JNF CEO: Israel, JNF Intertwined
IsraelYom HaAtzmaut

JNF CEO: Israel, JNF Intertwined

Russell Robinson tells the story of a small start-up nation that's inspiring the world.

David R. Cohen

David R. Cohen is the former Associate Editor of the Atlanta Jewish Times. He is originally from Marietta, GA and studied Journalism at the University of Tennessee.

JNF CEO Russell Robinson explains how people carried soil from across Israel for Theodor Herzl’s reburial in the land he dreamed of.
JNF CEO Russell Robinson explains how people carried soil from across Israel for Theodor Herzl’s reburial in the land he dreamed of.

The history of Israel is closely tied to that of Jewish National Fund, CEO Russell Robinson said at JNF Atlanta’s 14th annual Jack Hirsch Memorial Breakfast on Tuesday, May 2.

“No other people on the face of the earth have a land as part of their existence. Only the Jewish people,” Robinson told the crowd of about 300 people gathered at the Westin Atlanta Perimeter North in Sandy Springs to celebrate Yom HaAtzmaut, Israel’s 69th birthday. “We could have made a very good legal argument that piece of land was ours. But, instead, we collected coins and collected money to repurchase the land of Israel. That is Jewish National Fund’s story, and that is the story of the Jewish people.”

Gladys Hirsch, the widow of JNF stalwart and Holocaust survivor Jack Hirsch, gets a hug from honoree Ron Blomberg after the breakfast named for her husband.

Robinson acknowledged that when he was a Hebrew school student growing up in El Paso, Texas, sometimes the coins meant for JNF bought candy instead. But he has more than made up for that lost money since becoming CEO in 1998. This was his first Jack Hirsch Breakfast.

Since its founding in 1901, JNF has developed more than 250,000 acres and planted more than 240 million trees, in addition to helping Israel solve its water problems.

When JNF purchased the first parcels in the early 1900s, Robinson said, Tel Aviv was little more than sand dunes.

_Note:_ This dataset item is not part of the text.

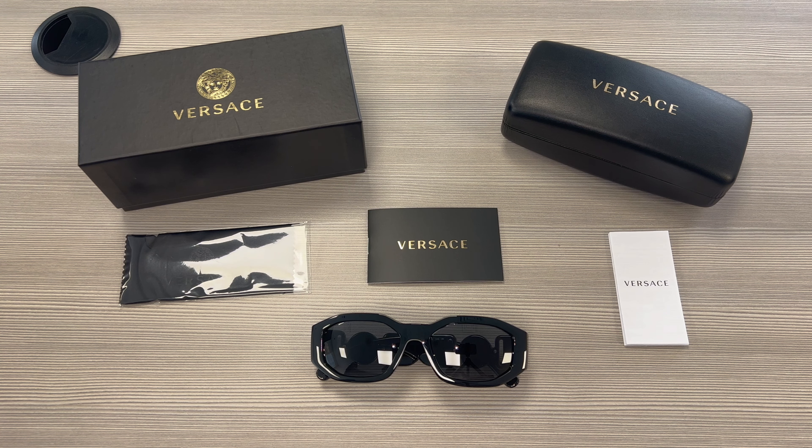Hello everyone, greetings from jula.com. Today we'll be taking a look at these Versace sunglasses, model VE4361 in color code GB187.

In 1951, JNF drained Lake Hula, which had been a breeding ground for malaria-carrying mosquitos in northern Israel, and turned it into agricultural land. An estimated 500 million birds now pass through the Hula Valley each year.

In Sderot, where residents live in fear of rocket attacks from the nearby Gaza Strip, 75 percent of children are diagnosed with post-traumatic stress disorder. In 2009, JNF built a 21,000-square-foot indoor recreation center that also serves as a bomb shelter so that children have a safe place to play. Now JNF is building outdoor playgrounds as well.

JNF is focused on developing the Negev, which has 60 percent of Israel’s land but only 8 percent of its population. In Be’er Sheva, long a target of Atlanta donations, JNF is continuing to turn a former garbage dump into a 900-acre river park in the center of the city, with trees, running trails and a large artificial lake.

The population of Be’er Sheva is around 200,000, but Robinson said he hopes it will one day eclipse 400,000.

Native Atlantan Ron Blomberg, a Druid Hills High grad who was the first designated hitter in Major League Baseball history in 1973 when he played for the New York Yankees, received the Cantor Isaac and Betty Goodfriend JNF Community Service Award during the breakfast.

He spoke about his love for Atlanta and Israel and his pride in being Jewish, and after the breakfast he answered questions — he thinks Pete Rose should be in the Hall of Fame — took photos and signed autographs.